Effect of crack width on electromagnetic interference shielding effectiveness of high-performance cementitious composites containing steel and carbon fibers

Abstract

In this study, the effects of carbon fibers and crack widths on the electromagnetic interference (EMI) shielding effectiveness of high-performance fiber-reinforced cementitious composites (HPFRCCs) with 2 vol.% straight steel fibers were evaluated. To this end, 0.2 vol.% carbon fibers were added and four penetrated pre-crack widths ranging from 0.02 to 0.2 mm were applied under tension. The tensile strength and electrical resistance of the composites were also investigated. The test results indicated that adding 0.2% carbon fibers effectively enhanced the tensile strength, electrical conductivity, and shielding effectiveness of the HPFRCC. Furthermore, the electrical conductivity was improved by 224%, and a 27% higher shielding effectiveness was achieved.

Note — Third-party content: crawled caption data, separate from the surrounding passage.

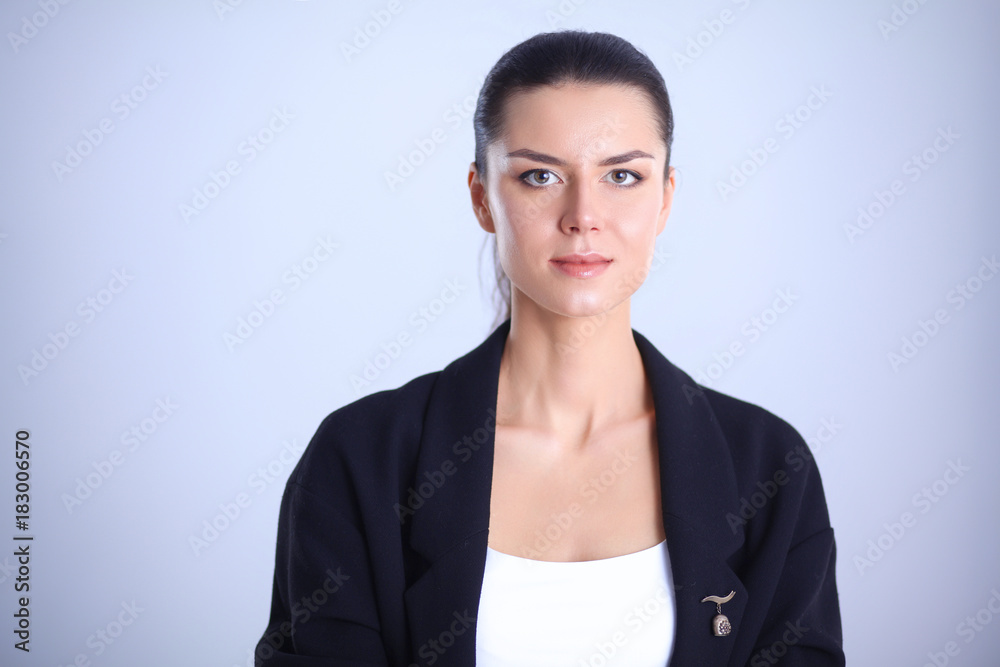 Young woman standing, isolated on gray background Young woman standing, isolated on gray background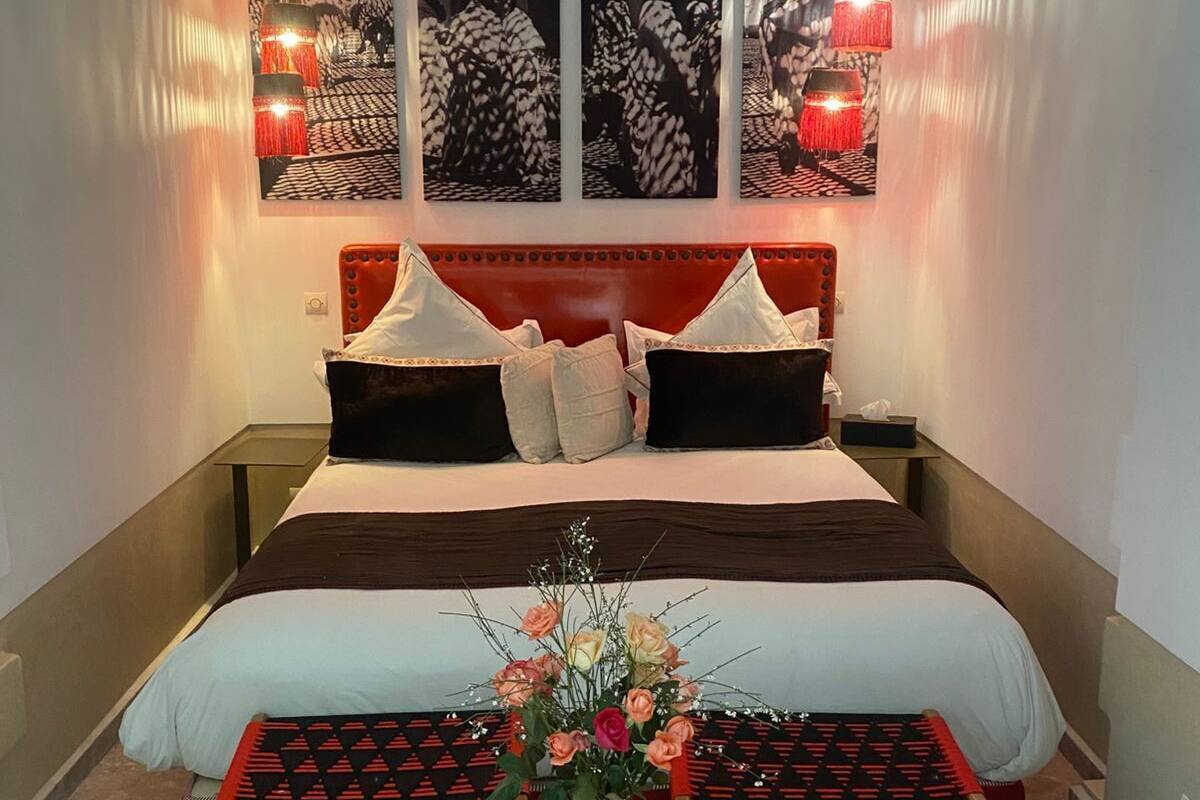A bedroom with a red upholstered headboard, a large bed with multiple pillows, a small round table with a vase of flowers, and three wall-mounted lamps.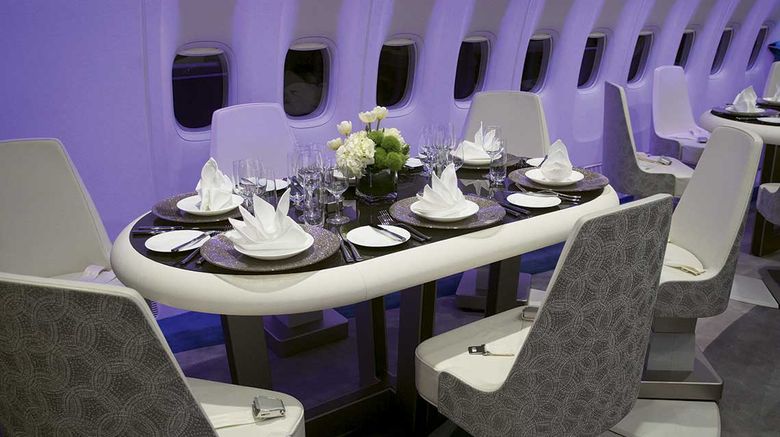 Senior editor Jamie Biesiada had a chance to explore the luxury jet at McCarran Airport in Las Vegas during Virtuoso Travel Week when Crystal's president and CEO Edie Rodriguez invited the media onboard for a look. The lounge area features four oval tables with six swiveling seats each. The tables can be used for gaming or set for dining, and their seats are equipped with seat belts.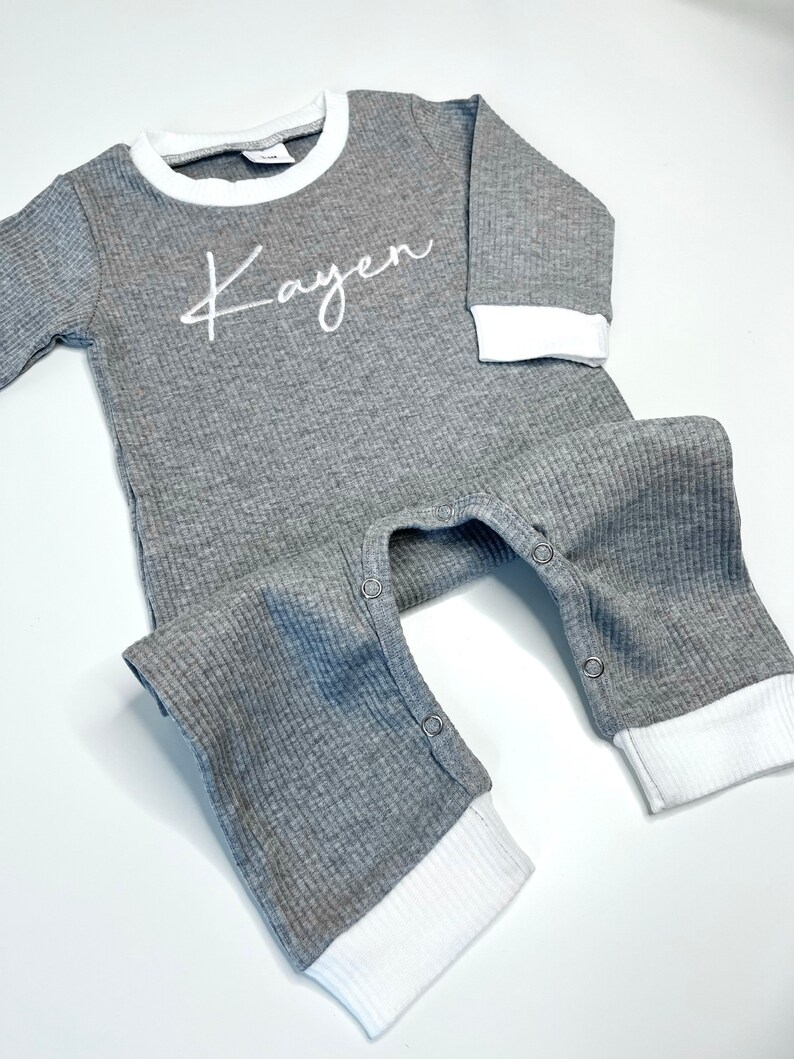 K&ouml;nnte beinhalten: Grauer Langarm-Baby-Strampler mit wei&szlig;en gerippten Abschl&uuml;ssen und wei&szlig;em gesticktem Namen "Kayen".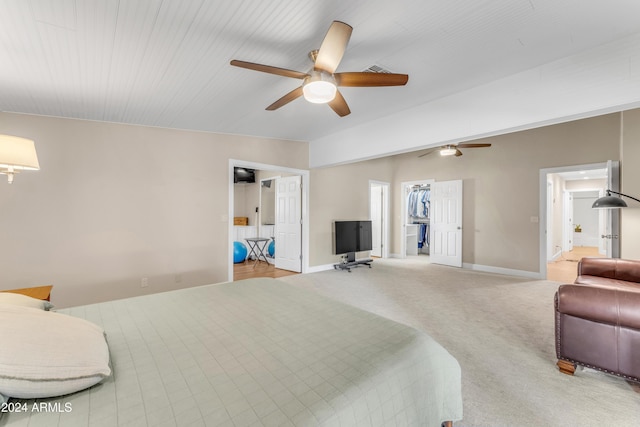 carpeted bedroom featuring ceiling fan and a closet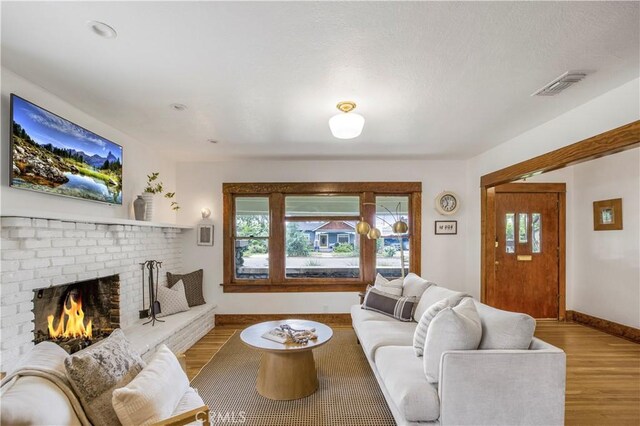 living room featuring healthy amount of natural light, wood finished floors, a fireplace, and baseboards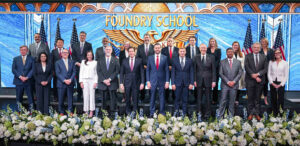 U.S. Vice President J.D. Vance (1st row, 6th from right), Secretary of State Marco Rubio (1st row, 6th from left), and Undersecretary of State Jacob Helberg (1st row, 5th from right) are joined by key university and business leaders during the launch of the Foundry School. (photo courtesy of the U.S. Department of State)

A shielding effectiveness of 48.5 dB at 1 GHz was achieved with a specimen thickness of 25 mm. Tiny cracks with a width of 20 μm significantly reduced the EMI shielding effectiveness of the HPFRCC by approximately 40%. For the plain HPFRCC, the shielding effectiveness was not significantly affected by the crack width, as it was thoroughly cracked. The benefits of adding carbon fibers for improving the shielding effectiveness disappeared at crack widths greater than 0.1 mm. Thus, the addition of carbon fibers was effective only for HPFRCCs without cracks or with very tiny cracks of less than 40 μm.